3. Keluarga yang berantakan (broken home)
Broken Home di sini bukan hanya berkaitan pada perpecahan keluarga karena perceraian tapi lebih pada tidak adanya perhatian orang tua terhadap anak. Begitu juga sebaliknya tidak adanya penghormatan anak kepada orang tuanya karena orang tua lebih sibuk pada urusan keuangan dan materi lainnya, akan tetapi mereka melupakan aspek immateri atau jiwa anak-anaknya. Aspek ini juga menimbulkan banyak masalah dan menjadi penyebab yang besar terjadinya kehilangan karakter pada anak-anak remaja. Andaikan keluarga diibaratkan kapal yang berlayar di tengah samudra, ternyata konflik anak dengan orang tuanya menjadikan kapal tidak berjalan sesuai dengan harapan keluarga.
4. Media Massa
Media massa menempati urutan terakhir dalam bahasan ini meskipun pada kenyataannya ternyata media massa seperti TV, Video Game, Internet dll ternyata menyumbang kesalahan besar terhadap rusaknya karakter remaja. Berdasarkan pengamatan terhadap anak-anak desa yang sama sekali tidak mengenal istilah TV, Video Game dan Internet ternyata memiliki sikap dan perilaku yang lebih manusiawi dari pada anak-anak yang tinggal dengan suasana modern dan memiliki semua media dalam kehidupan sehari-hari.
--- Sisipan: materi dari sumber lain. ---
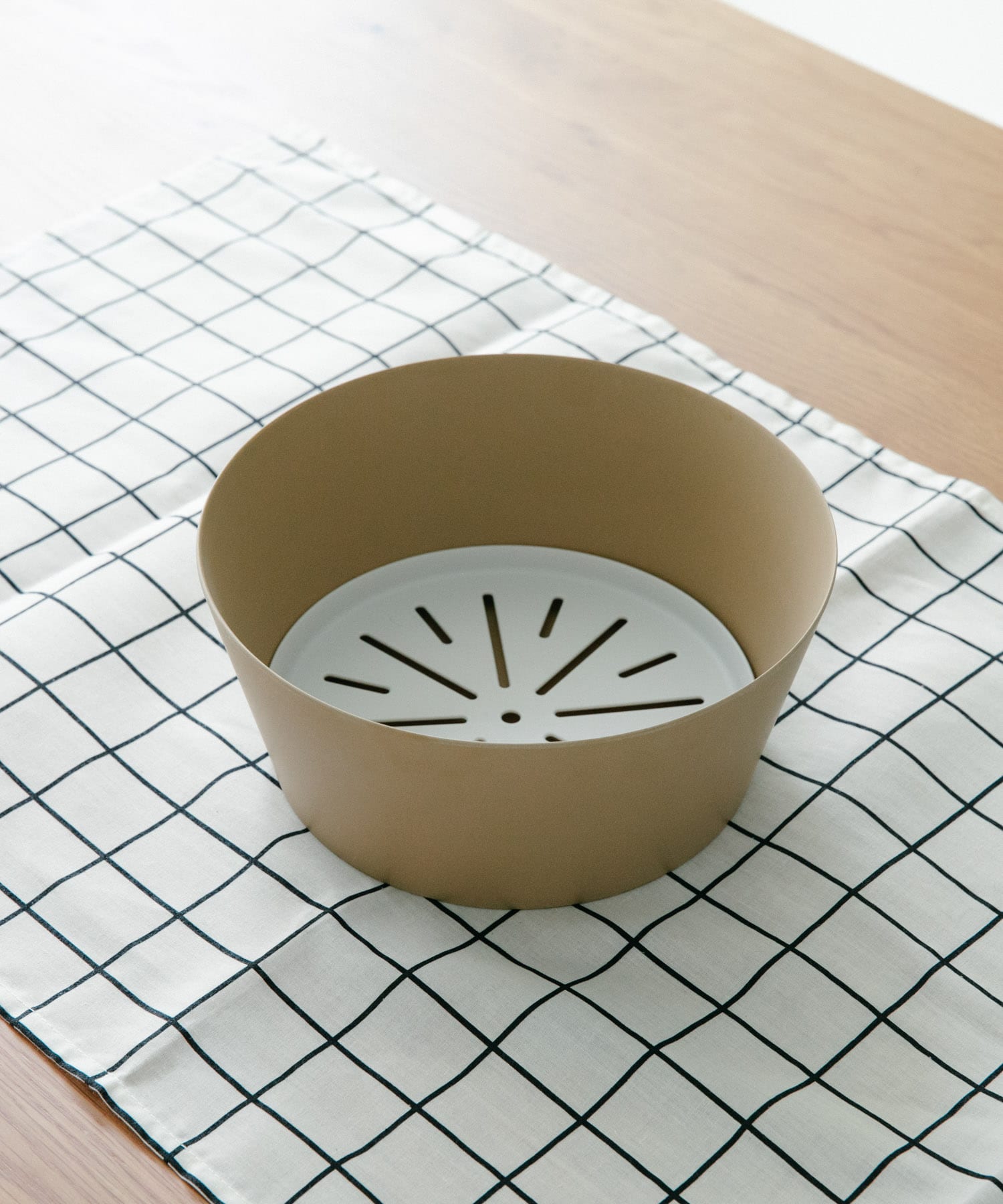 ideaco　usumono salad bowl soil beige -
Mitchel V. Charnley dalam bukunya yang berjudul Reporting edisi III (Holt-Reinhart & Winston, New York, 1975, halaman 44) dalam Muda (2005) menyatakan bahwa: “Berita adalah laporan yang tepat waktu mengenai fakta atau opini yang memiliki daya tarik atau hal penting atau kedua-duanya bagi masyarakat luas”. Hal ini mengakibatkan terjadinya persaingan untuk mendapatkan minat pemirsa sebanyak mungkin dengan bobot peristiwa yang didasarkan terhadap eksklusivitas, keistimewaan, atau ruang lingkupnya. Kebebasan remaja dalam menerima informasi yang terkadang tidak layak untuk ditonton lebih banyak membuat kejiwaan anak mengalami perubahan secara signifikan karena mereka cenderung meniru apa yang dilihatnya. Kenyataan inilah yang mendorong perubahan prilaku pada remaja disebabkan informasi yang disampaikan terkadang keluar dari konteks dunia anak-anak dan remaja yang cenderung sedang mencari jati diri. Meski masih banyak media-media yang membuat seorang remaja kehilangan karakter akan tetapi pada hakekatnya semua kembali kepada keluarga, sosial masyarakat dan media massa yang seharusnya dapat memberikan batasan dan pencerahan tentang bagaimana menjaga agar karakter positif pada anak tidak hancur karena lingkungan yang tidak sejalah dengan kehidupan mereka. Ada baiknya, lingkungan keluarga lebih dahulu menanamkan akhlak yang baik dan mental yang jujur karena metode ini akan berimpikasi pada perkembangan prilaku anak dalam kehidupan mereka. Selain itu, kehidupan sosial yang berbeda hendaknya dipahami sebagai bentuk kewajaran dalam kehidupan manusia bahwa jika ada kemiskinan pasti ada kekayaan karena sebenarnya mereka harus saling berbagi dan mengerti sehingga tercipta keharmonisan hubungan di antara mereka.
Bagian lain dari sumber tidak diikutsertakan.